> **ACTIVITY**:
Repeat each entry exactly, but do not carry over the pictures.

DATA IN THIS EXERCISE START

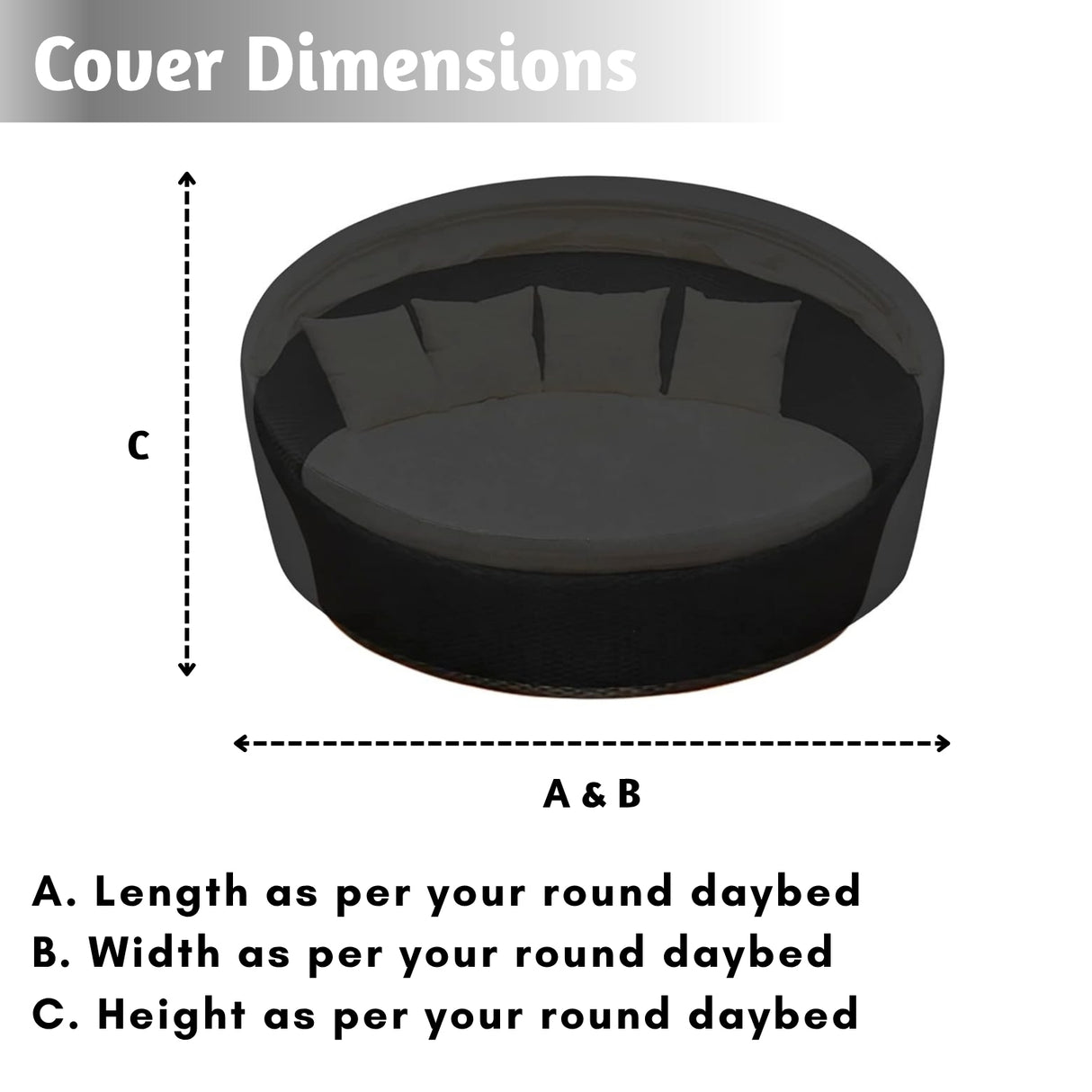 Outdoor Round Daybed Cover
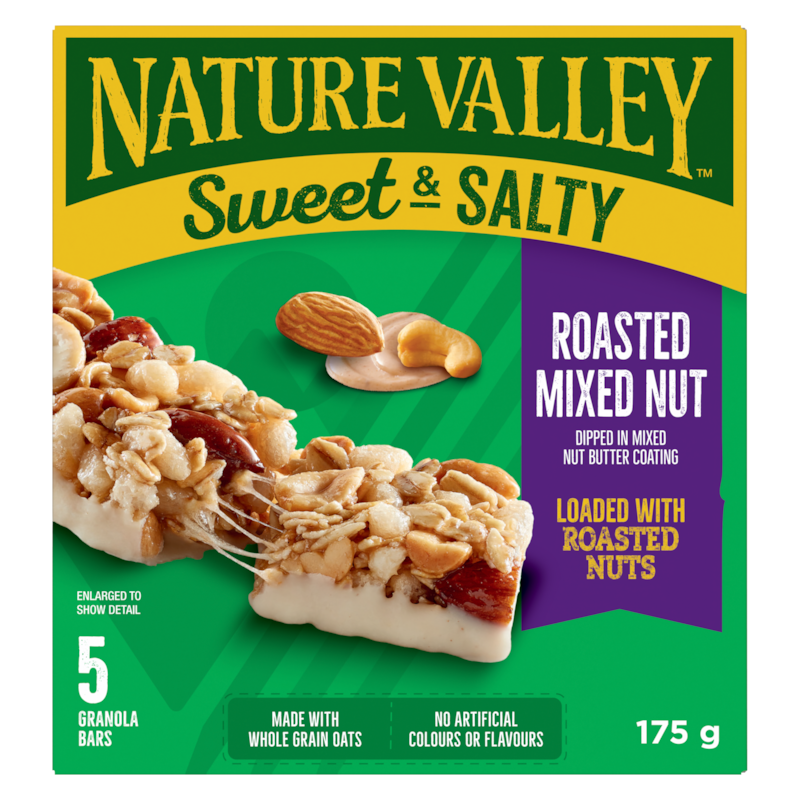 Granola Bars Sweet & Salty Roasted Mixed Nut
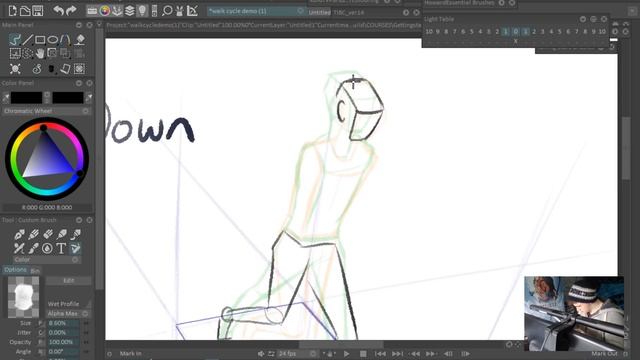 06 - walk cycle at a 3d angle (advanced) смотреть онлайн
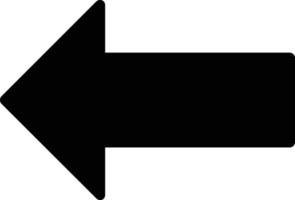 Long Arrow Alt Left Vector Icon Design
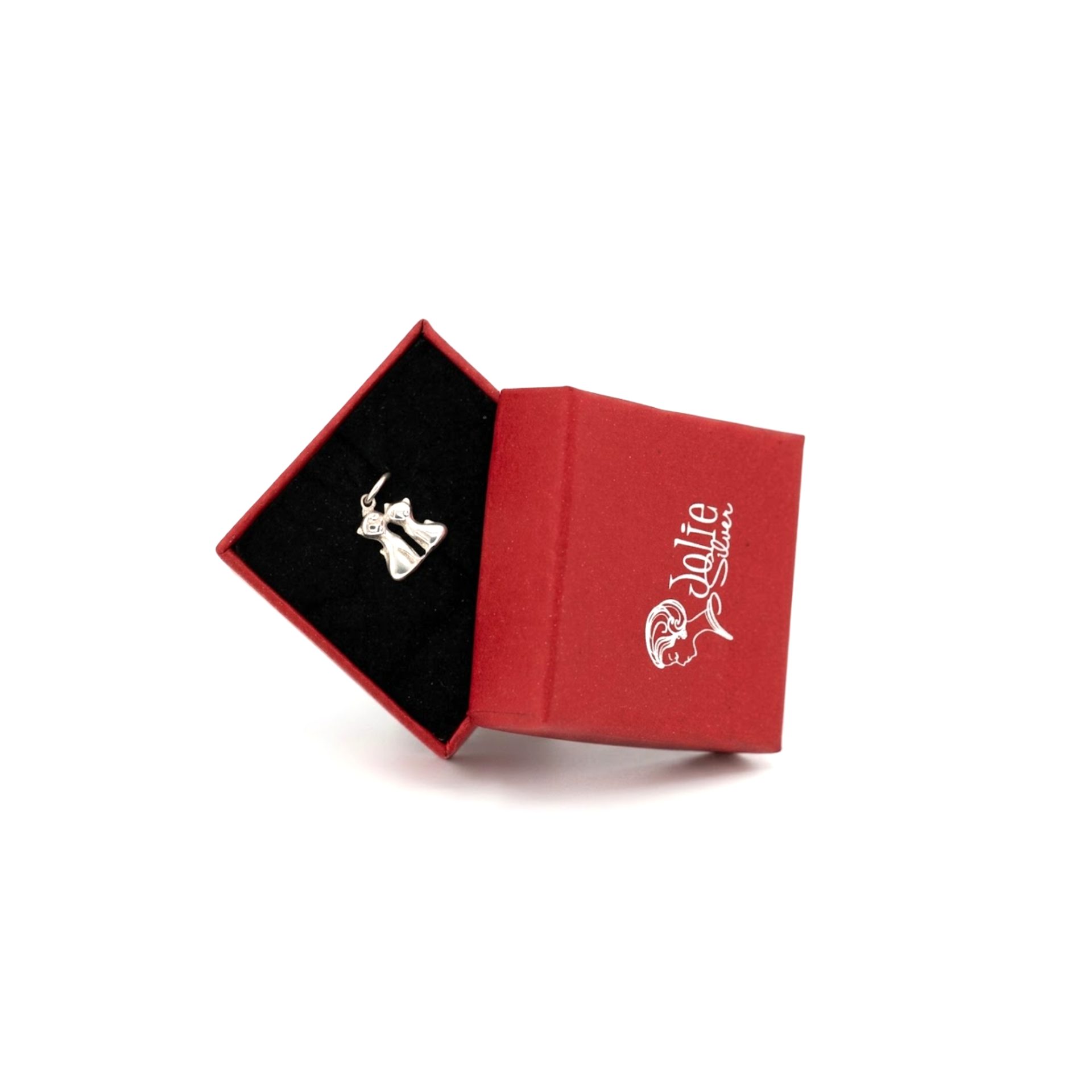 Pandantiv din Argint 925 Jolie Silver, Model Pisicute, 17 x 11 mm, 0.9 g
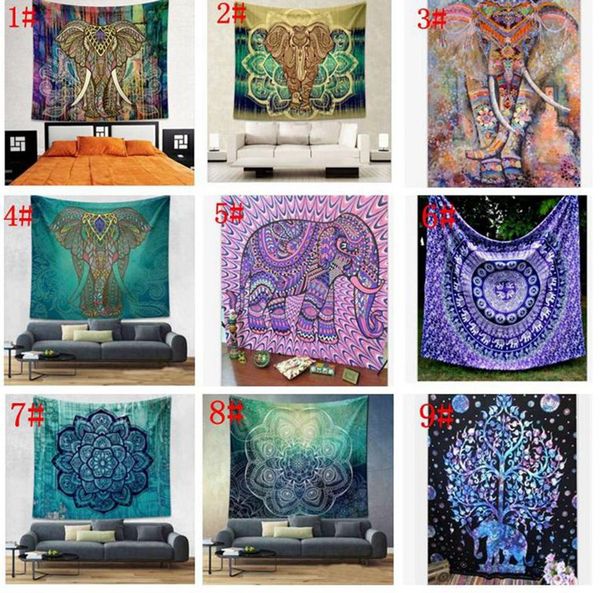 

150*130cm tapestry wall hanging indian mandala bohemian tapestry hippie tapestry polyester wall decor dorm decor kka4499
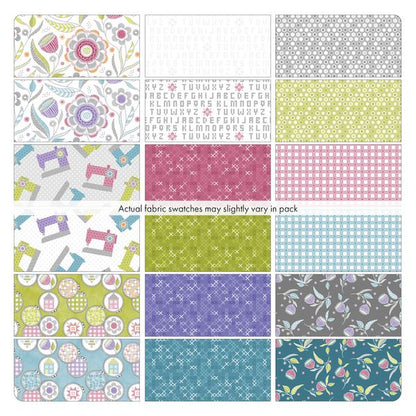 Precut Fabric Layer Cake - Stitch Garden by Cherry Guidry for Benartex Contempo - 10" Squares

DATA IN THIS EXERCISE END

> **SOLUTION TO THIS PROBLEM**:
 Outdoor Round Daybed Cover
 Granola Bars Sweet & Salty Roasted Mixed Nut
 06 - walk cycle at a 3d angle (advanced) смотреть онлайн
 Long Arrow Alt Left Vector Icon Design
 Pandantiv din Argint 925 Jolie Silver, Model Pisicute, 17 x 11 mm, 0.9 g

150*130cm tapestry wall hanging indian mandala bohemian tapestry hippie tapestry polyester wall decor dorm decor kka4499
 Precut Fabric Layer Cake - Stitch Garden by Cherry Guidry for Benartex Contempo - 10" Squares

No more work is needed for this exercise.